The results are shown in Table 1.

Note that the expected value was determined using the Bliss formula.

Based on the cages in Table 1, Carpenter
LC5o (50%
The expected value (lethal drug concentration) was calculated, and the synergistic effect of the insecticidal effect by mixing the active ingredients was calculated from the comparison with the actual value.

In this case, synergistic dust 1 shows an additive effect, if it is smaller than 1, it shows an antagonistic effect, and if it is larger than ■, it shows a synergistic effect.

When the number of synergistic particles is 2 or more, it indicates that the synergistic effect is significant.

The results are shown in Table 2.

7 trials, 1 test example 2 Changes in susceptibility of black leafhopper population due to continuous selection of drugs (produced in Okayama Prefecture) The black leafhopper used in the test was collected from a rice field in Kojima District, Okayama Prefecture, and then incubated at a constant temperature of 25°C for 16 hours. , sprouted rice plants were reared for generations under dark conditions for 8 hours, and then subjected to selection and rearing, and drug assays were conducted at any time.

Test 1 As a test method, first, 10 ml of a drug concentration diluted solution with a selection rate of around 50% of the test drug prepared according to Example 1 was sown in a 23 cm x 30 CTL x 21 (17) plastic box, and the seedlings were raised to sprout. Rice was sprayed.

This sprouted rice is placed in a cage for breeding black leafhoppers, and approximately 1,000 adult black leafhoppers, which have been reared for generations, are released.
After 24 hours, the surviving insects were collected with a fluke tube and released into newly prepared sprouted rice plants that were not treated with chemicals to obtain the next generation population.

Selection was repeated in the same manner, once per generation.

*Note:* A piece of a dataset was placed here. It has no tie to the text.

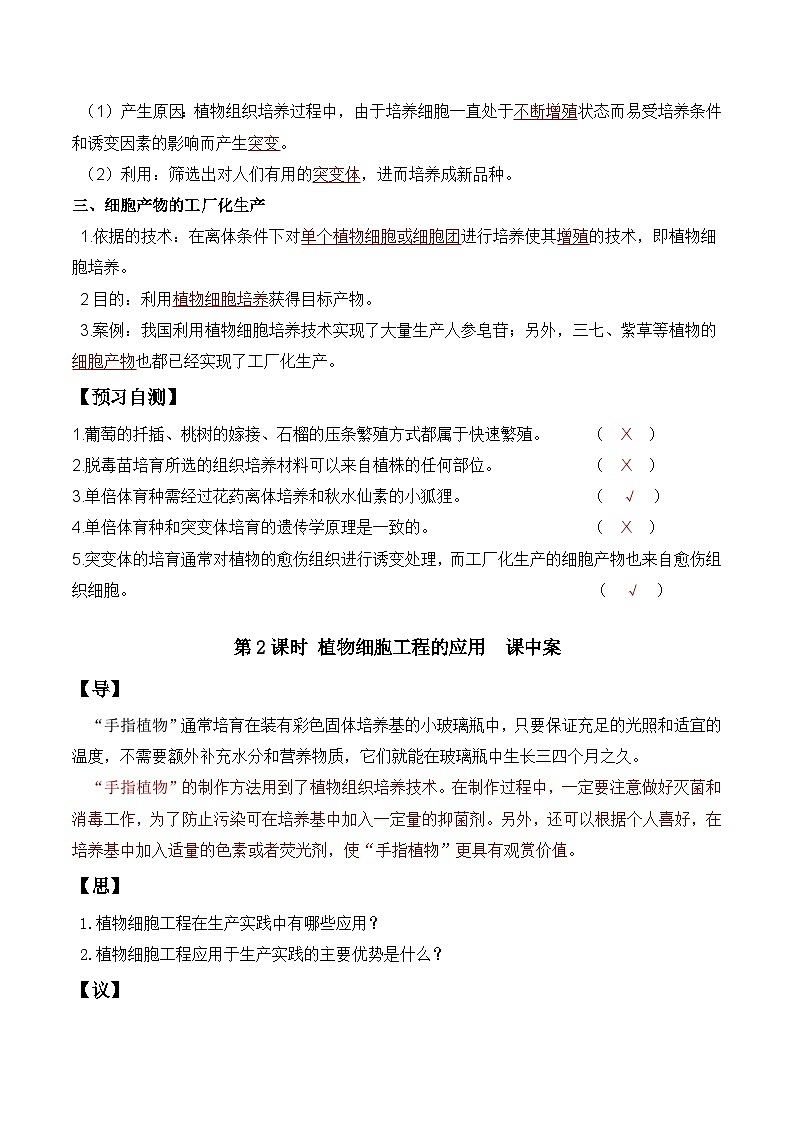 人教版高中生物选择性必修三2.1《植物细胞工程》（第2课时）分层作业（解析版）第2页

In the drug test, the live and dead weight of adult female leafhoppers 3 to 4 days after emergence was investigated using a local application method after 24 hours, and the LD and o values (μm/g) were determined.

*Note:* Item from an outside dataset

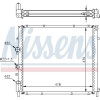 Nissens | Kühler, Motorkühlung | 63854A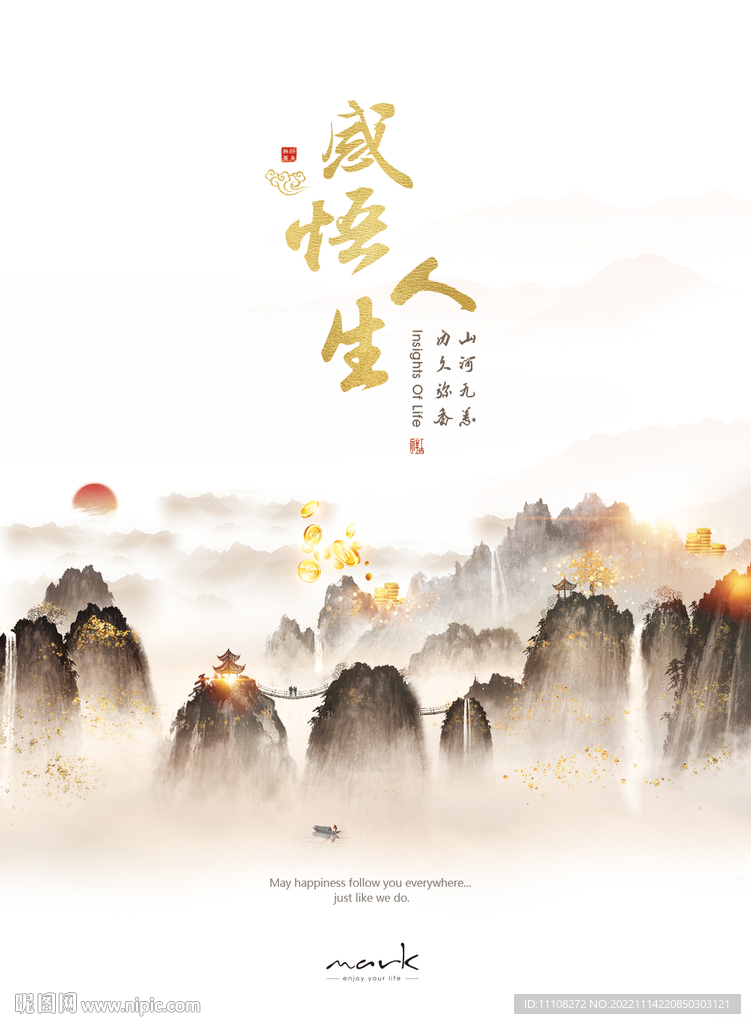 企业海报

The results are shown in Table 3.

(Note 1) (Note 2) L of MMC against black leafhopper from Okayama Prefecture before culling
D.

The value was 49.3μ2/g. Unselected LD.

The value column shows the LD5o of the parent adult leafhopper, the 10th generation, and the 20th generation, which have been reared for generations without chemical selection.
The values (columns before culling, after 10 times, and after 20 times in order) are shown.

Claims (1)

[Claims] 10-ethyl 0-0-di(2,4-dichlorophenyl)
A leafhopper control agent resistant to carbamate insecticides, characterized by containing a mixture of phosphate and 3,5-xylyl N-methyl carbamate as an active ingredient.